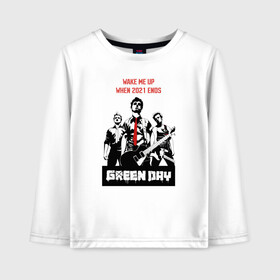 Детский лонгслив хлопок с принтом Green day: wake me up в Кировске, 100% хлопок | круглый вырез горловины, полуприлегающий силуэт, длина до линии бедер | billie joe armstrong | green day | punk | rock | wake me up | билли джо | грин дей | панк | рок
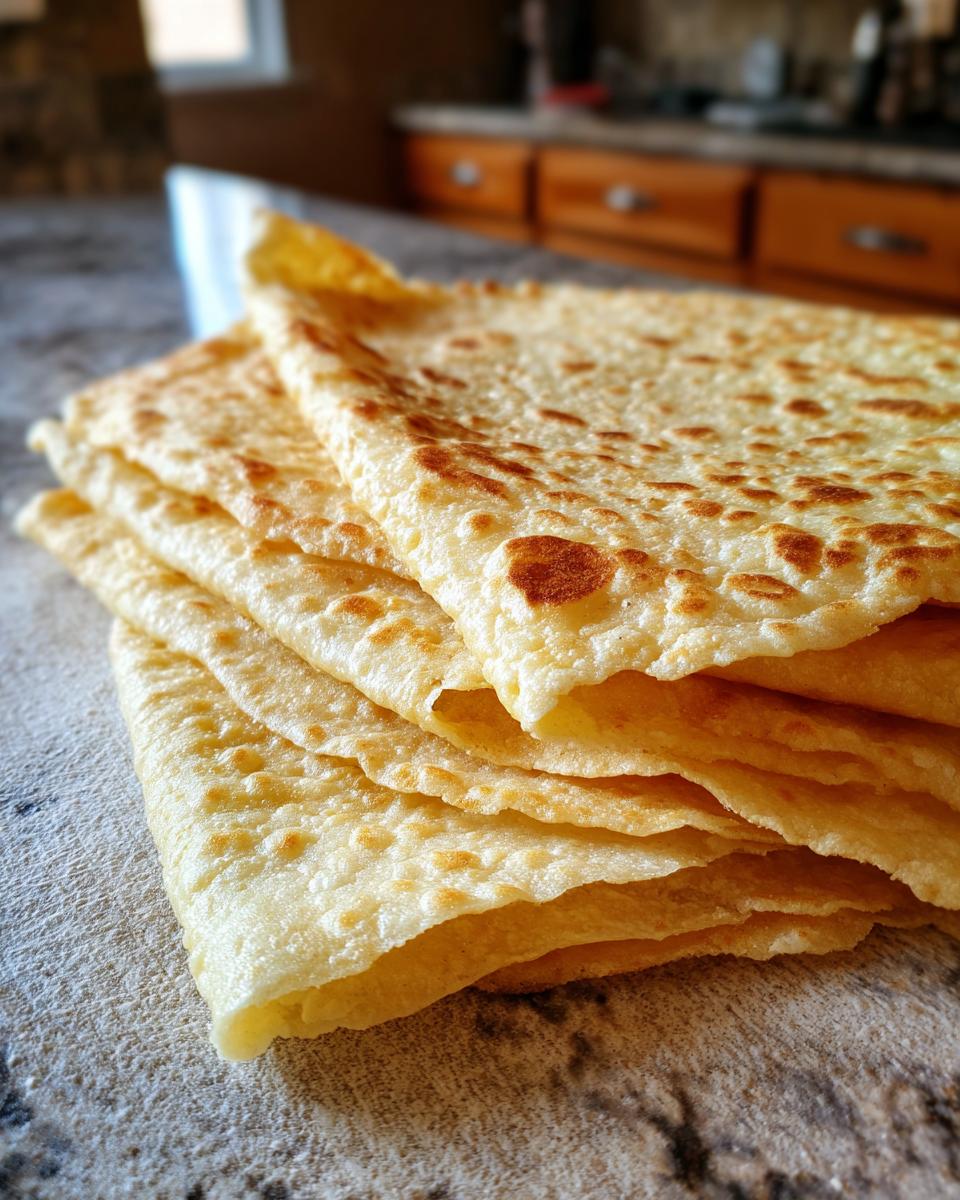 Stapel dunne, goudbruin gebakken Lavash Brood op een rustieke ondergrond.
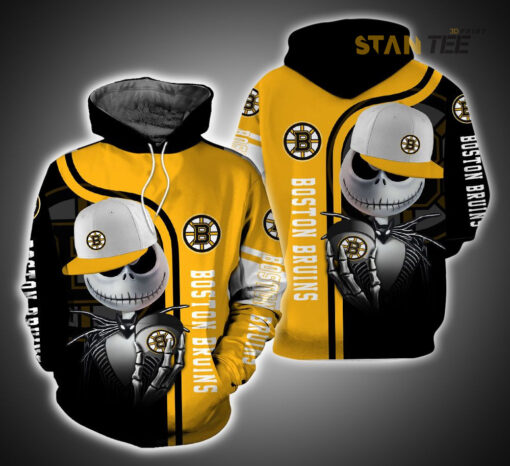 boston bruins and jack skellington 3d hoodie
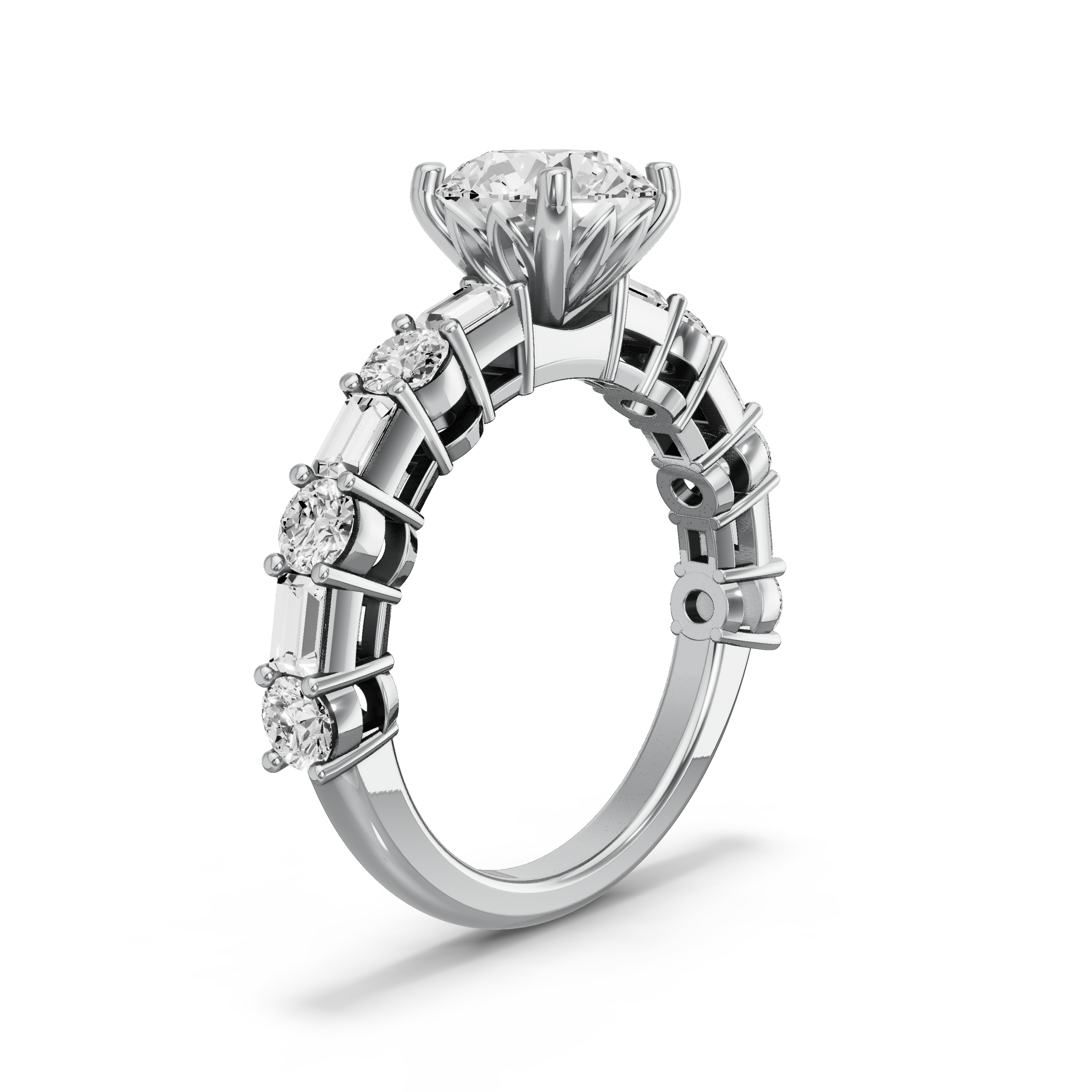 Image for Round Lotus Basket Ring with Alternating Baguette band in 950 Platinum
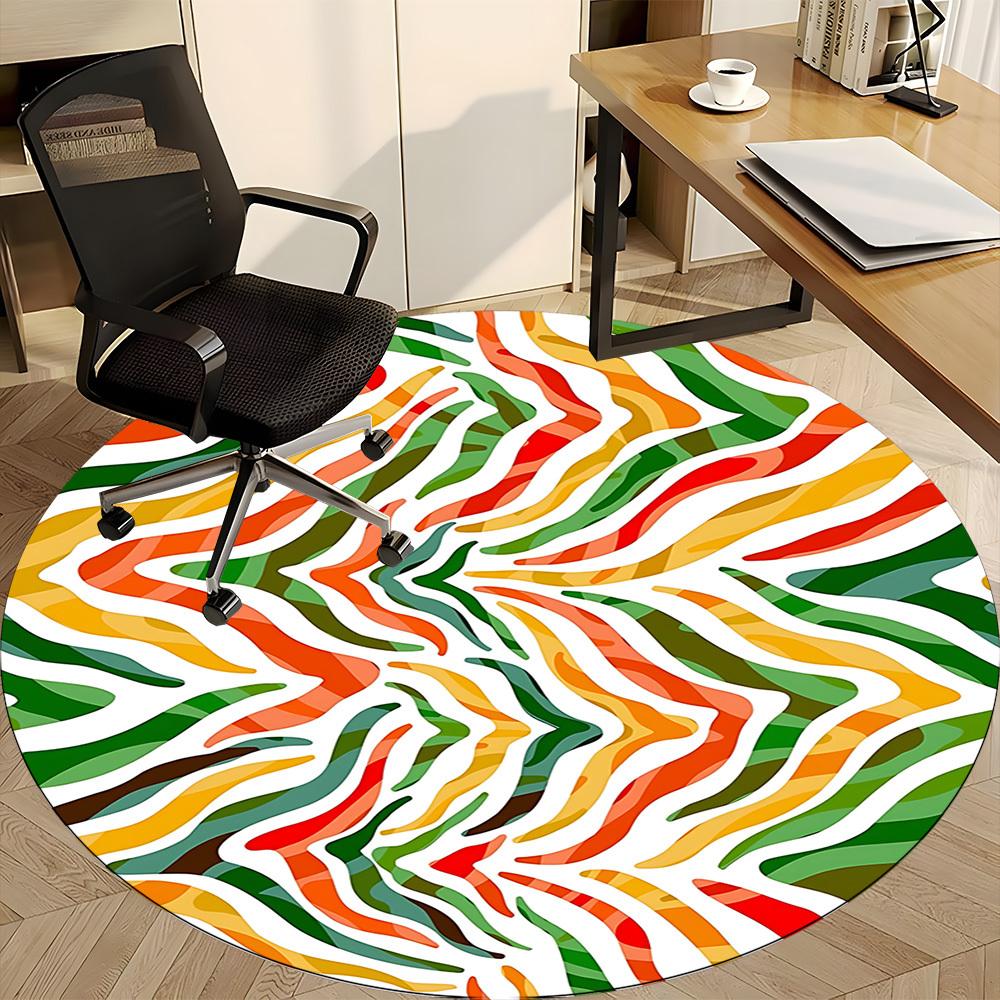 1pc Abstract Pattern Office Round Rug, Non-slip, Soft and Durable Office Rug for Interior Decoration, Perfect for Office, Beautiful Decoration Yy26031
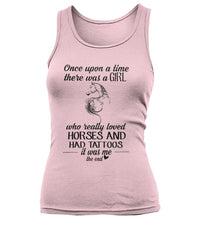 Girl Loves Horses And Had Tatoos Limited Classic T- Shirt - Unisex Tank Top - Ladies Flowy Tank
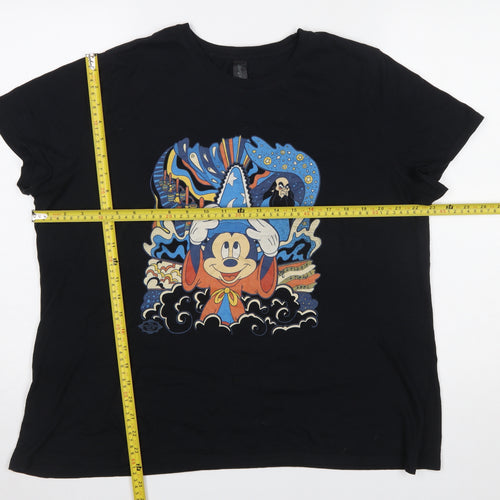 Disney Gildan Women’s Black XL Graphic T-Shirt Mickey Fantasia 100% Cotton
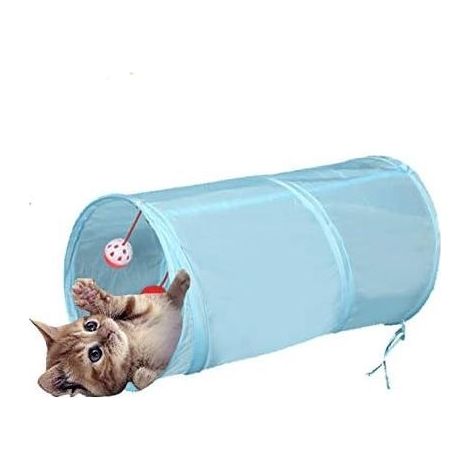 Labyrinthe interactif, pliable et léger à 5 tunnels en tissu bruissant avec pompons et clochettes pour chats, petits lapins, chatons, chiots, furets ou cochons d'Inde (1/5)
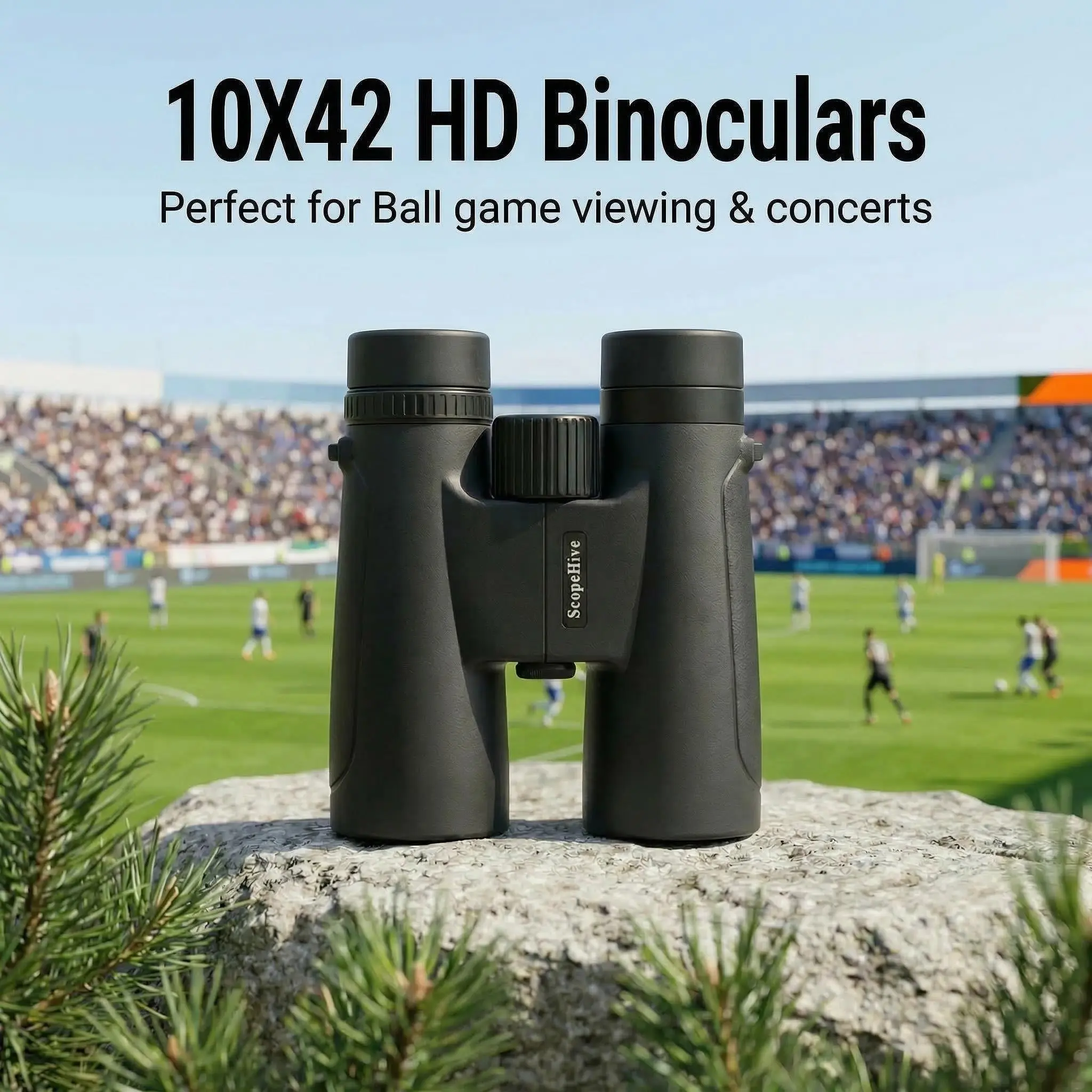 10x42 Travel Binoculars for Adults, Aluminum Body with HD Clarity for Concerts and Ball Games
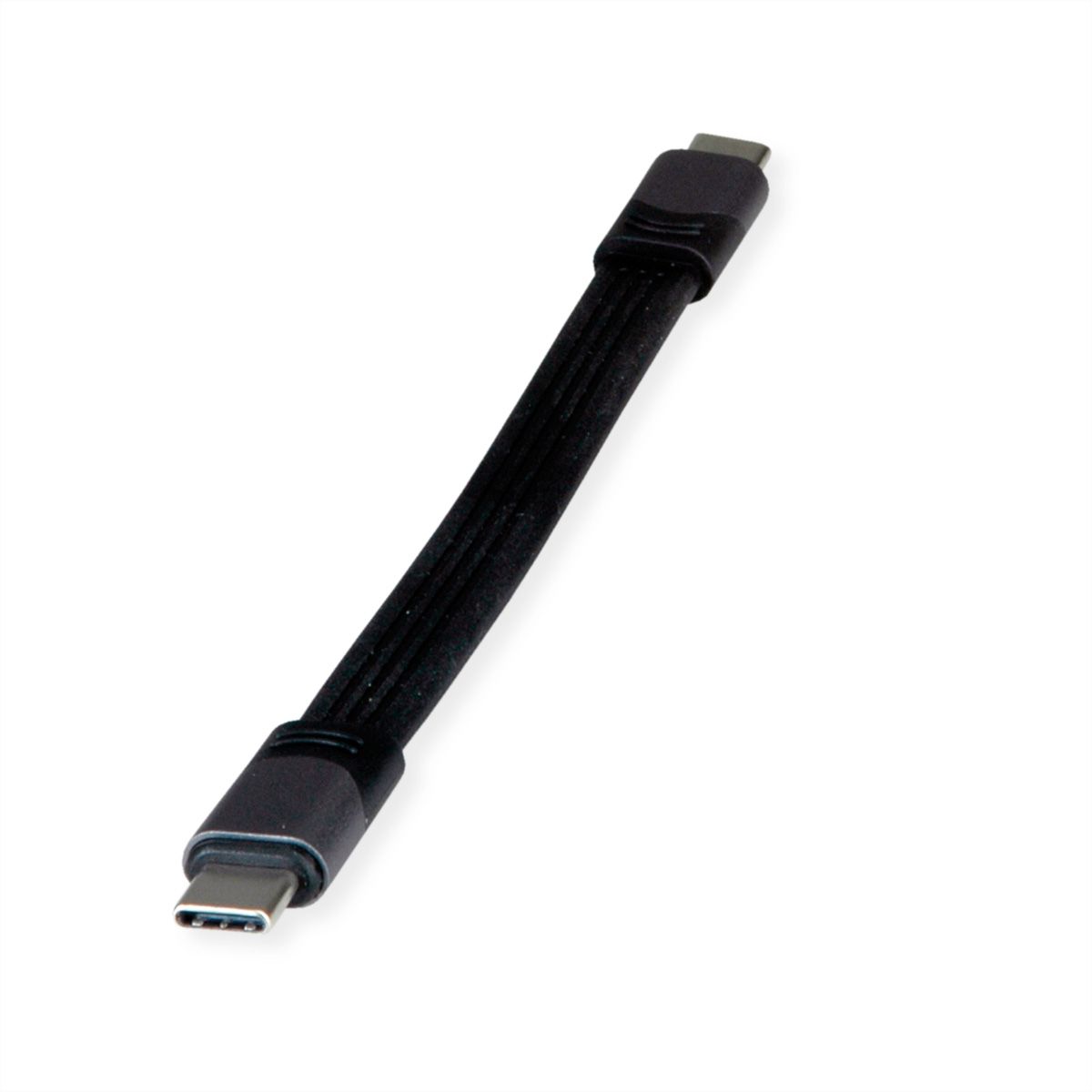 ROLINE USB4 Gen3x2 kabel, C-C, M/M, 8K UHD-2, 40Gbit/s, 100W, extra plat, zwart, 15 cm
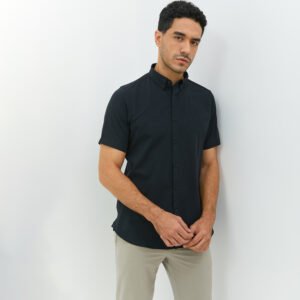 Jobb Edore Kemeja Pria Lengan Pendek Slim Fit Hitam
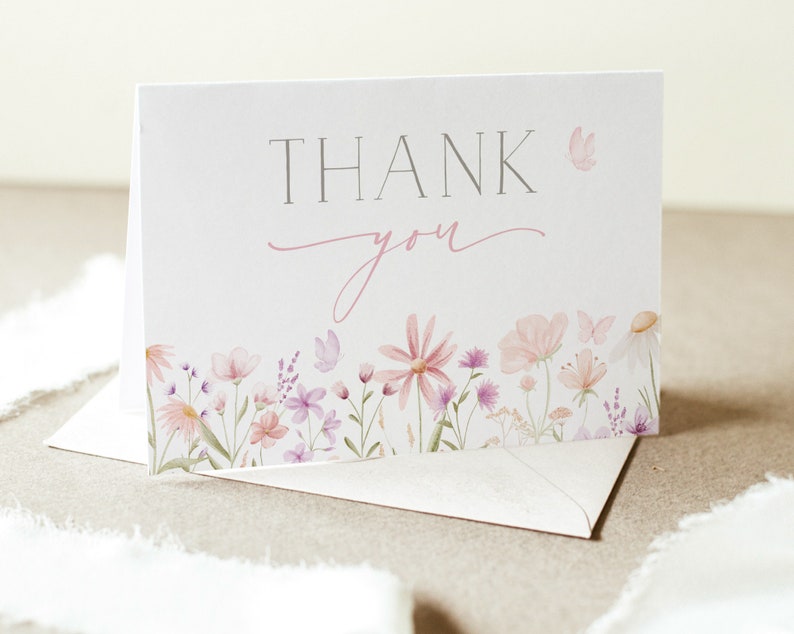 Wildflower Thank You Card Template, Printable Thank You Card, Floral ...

————

> _Problem_
Once the pictures are set aside, please output all the data word for word.

> _Output of the task_
 Детский лонгслив хлопок с принтом Green day: wake me up в Кировске, 100% хлопок | круглый вырез горловины, полуприлегающий силуэт, длина до линии бедер | billie joe armstrong | green day | punk | rock | wake me up | билли джо | грин дей | панк | рок
 Stapel dunne, goudbruin gebakken Lavash Brood op een rustieke ondergrond.
 boston bruins and jack skellington 3d hoodie
 Image for Round Lotus Basket Ring with Alternating Baguette band in 950 Platinum
 1pc Abstract Pattern Office Round Rug, Non-slip, Soft and Durable Office Rug for Interior Decoration, Perfect for Office, Beautiful Decoration Yy26031
 Girl Loves Horses And Had Tatoos Limited Classic T- Shirt - Unisex Tank Top - Ladies Flowy Tank
 Disney Gildan Women’s Black XL Graphic T-Shirt Mickey Fantasia 100% Cotton
 Labyrinthe interactif, pliable et léger à 5 tunnels en tissu bruissant avec pompons et clochettes pour chats, petits lapins, chatons, chiots, furets ou cochons d'Inde (1/5)
 10x42 Travel Binoculars for Adults, Aluminum Body with HD Clarity for Concerts and Ball Games
 ROLINE USB4 Gen3x2 kabel, C-C, M/M, 8K UHD-2, 40Gbit/s, 100W, extra plat, zwart, 15 cm
 Jobb Edore Kemeja Pria Lengan Pendek Slim Fit Hitam
 Wildflower Thank You Card Template, Printable Thank You Card, Floral ...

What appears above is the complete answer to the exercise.